[Brief descriptive captions]
********
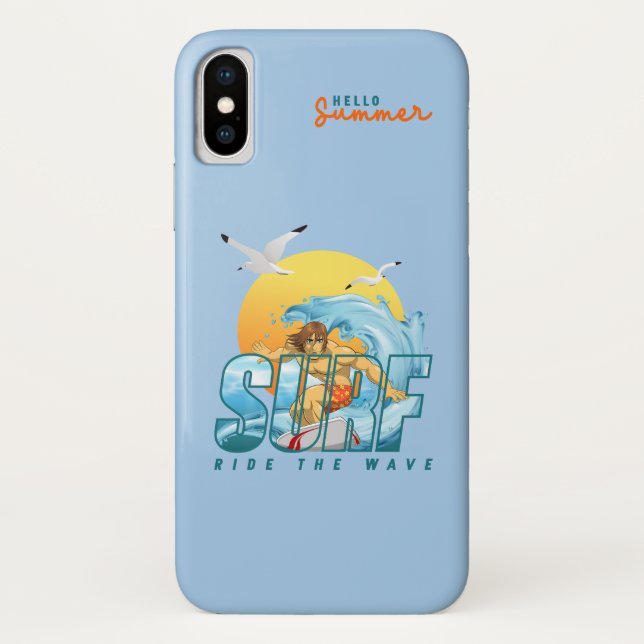 Capa Para iPhone, Case-Mate O Surfista Cavalga a Onda | (M) (Verso)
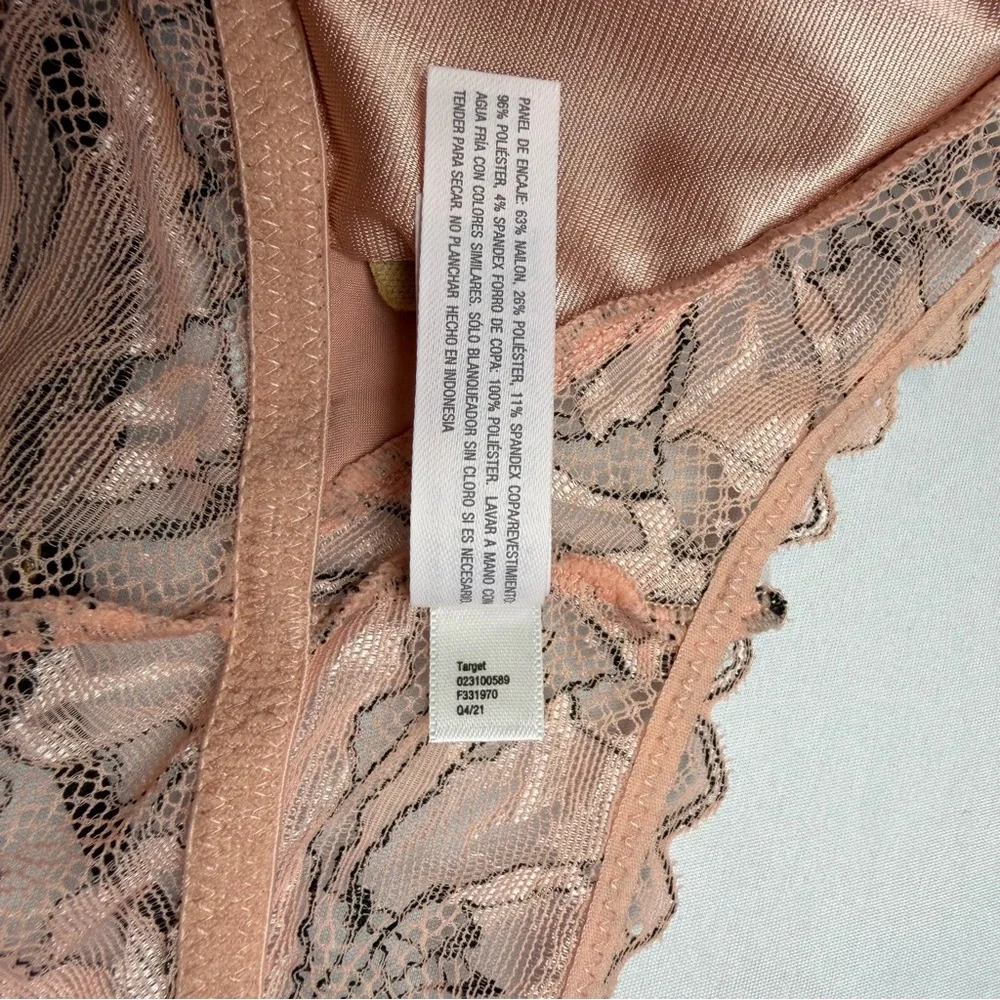 Auden Blush Pink With Black Lace Trim Silky‎ Babydoll  Lingerie Set In Medium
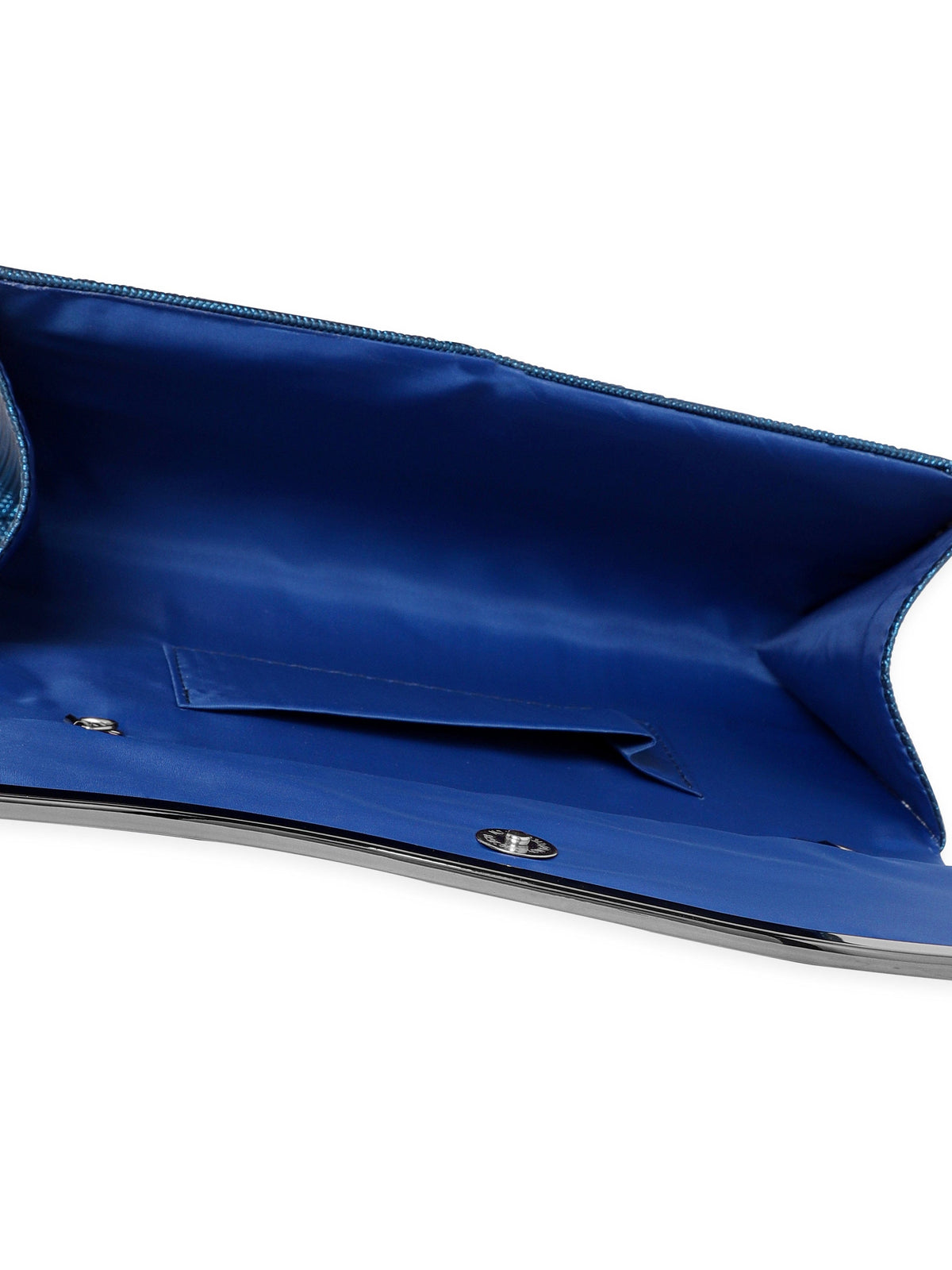 Rubans Artisanal Charm Handcrafted Blue Clutch Bag Blue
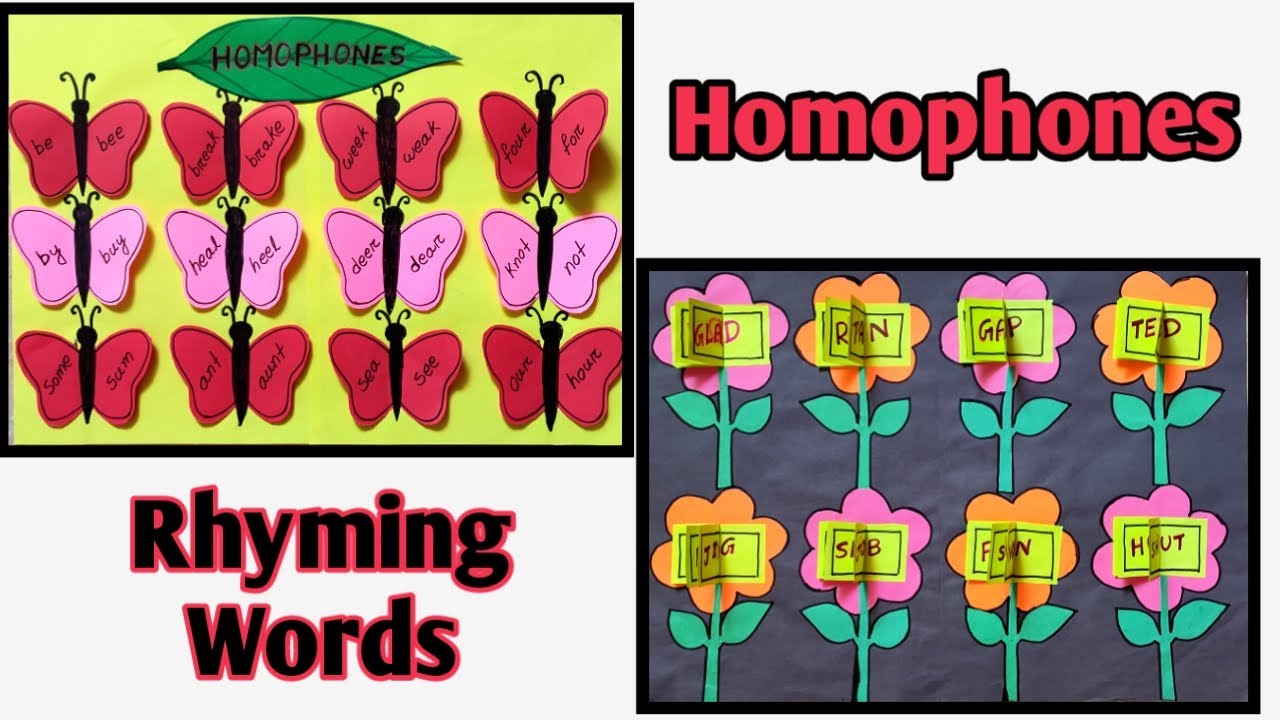 Homophones TLM And  Rhyming Words TLM | English TLM |
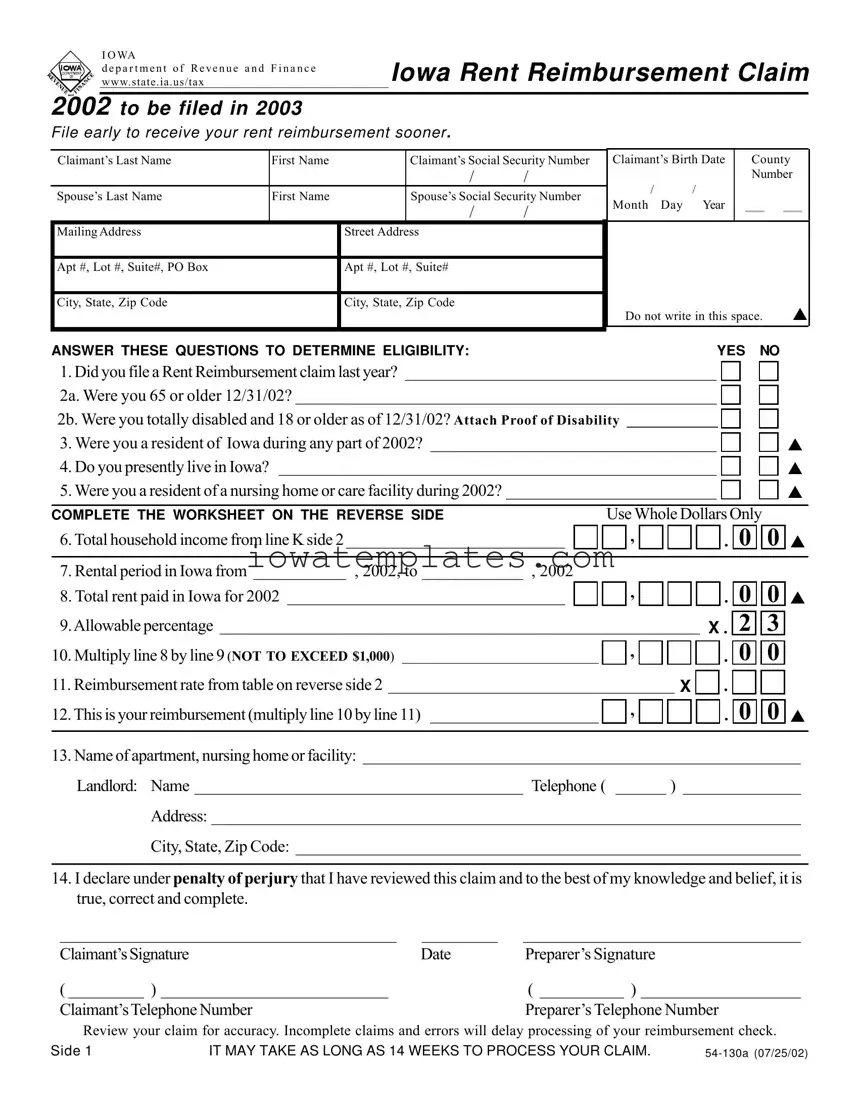 Printable Iowa 54 130A Form in PDF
********
• [Exercise goal] Each line from the one containing "Homophones TLM And" through the end of the records above is to be retyped exactly, with the pictures omitted and nothing added.

• [Task output]
 Homophones TLM And  Rhyming Words TLM | English TLM |
 Printable Iowa 54 130A Form in PDF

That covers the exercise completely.